M. Marx: Voilà pour cette loi. En ce qui concerne la commission, vous avez dit au début que vous aviez beaucoup d'expérience devant cette commission. J'aimerais vous rappeler que cette commission a le pouvoir d'adopter des règlements, le pouvoir d'émettre des directives et aussi le pouvoir de trancher certains litiges, c'est-à-dire que la commission va faire adopter un règlement, va faire émettre des directives. Ensuite, si le citoyen veut contester ce règlement qui a été adopté par la commission, il se trouvera devant cette commission qui va, bien sûr, comment dirais-je? défendre sa propre réglementation. Aussi, étant donné que la commission a tout le gouvernement derrière elle, elle pourra aller jusqu'à la Cour suprême. Même si le citoyen gagne, il perd, en fin de compte.

M. Lafontaine: Est-ce que vous permettez que je m'exprime sur le sujet?

M. Marx: Oui.

M. Lafontaine: Dans le cadre de la Loi sur l'aide juridique, il est permis de fournir à une personne qui n'a pas les moyens financiers de se rendre jusqu'à la Cour suprême d'excellents avocats avec d'excellentes expertises. Je pense que là-dessus ce n'est pas un problème. Maintenant, pour contester des règlements, on peut s'adresser aux tribunaux ordinaires s'il s'agit d'un règlement contesté. D'ailleurs, on l'a déjà fait vis-à-vis de certains organismes aussi.

M. Marx: II y a une clause privative dans la loi.

M. Lafontaine: Qui empêche de contester des règlements, jamais. Ce n'est pas possible.

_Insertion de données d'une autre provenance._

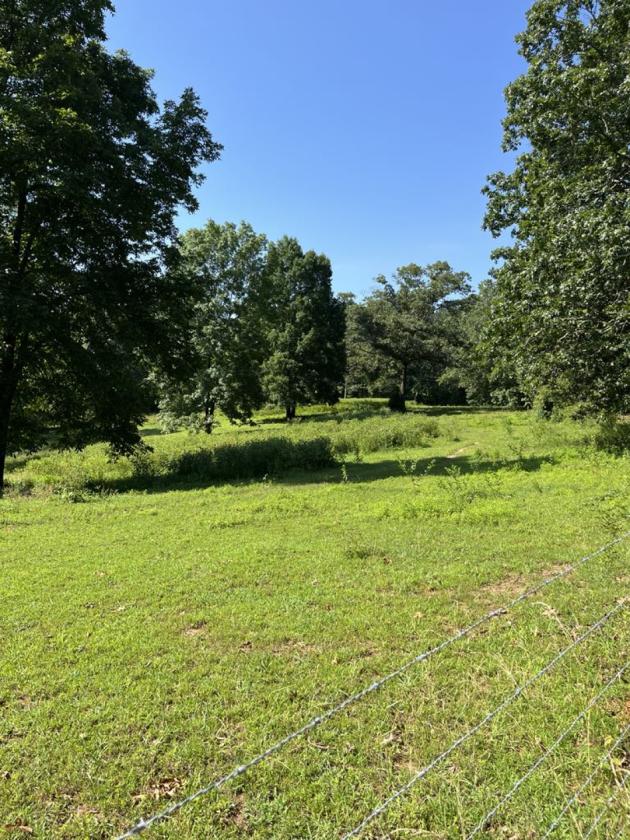 6 ACRES, BRICK RANCH, BARN - photo 11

M. Marx: Souvent on va devant la commission. Je vais vous donner un exemple, l'affaire Commission des normes du travail contre dame Granger, dans une décision de la Cour provinciale de Joliette qui a été rendue en juillet 1982. C'était la Commission des normes du travail qui voulait savoir si une personne dont la fonction principale est de garder les enfants est assujettie à l'application de la Loi sur les normes du travail adoptée en 1979. Bien que victorieuse

contre la commission, Mme Granger garde un très mauvais souvenir de son aventure judiciaire. Elle déclarait aux médias: J'ai l'impression d'avoir servi de cobaye à la Commission des normes du travail qui savait probablement que la cause ne pouvait qu'aboutir aux résultats que l'on connaît. En m'obligeant à me défendre, ce qui m'a occasionné des pertes de temps et d'argent, la commission voulait une cause type, c'est-à-dire la commission traînait quelqu'un devant la cour pour faire interpréter un de ses règlements. La personne a gagné, mais ces frais n'étaient pas remboursés. En effet, c'était une injustice. Comment la commission voit-elle un tel problème? Est-ce qu'il y a des façons de rembourser ces personnes qui se trouvent dans cette position? Je peux vous lire une citation que je trouve assez bien du juge Monet, de la Cour d'appel de Québec, qui disait avec beaucoup de justesse, il n'y a pas longtemps: La personne qui met en oeuvre ce droit ne doit pas en sortir appauvrie, bien que victorieuse, en raison des frais engagés dans le procès. Je pense qu'il y a beaucoup de vérité.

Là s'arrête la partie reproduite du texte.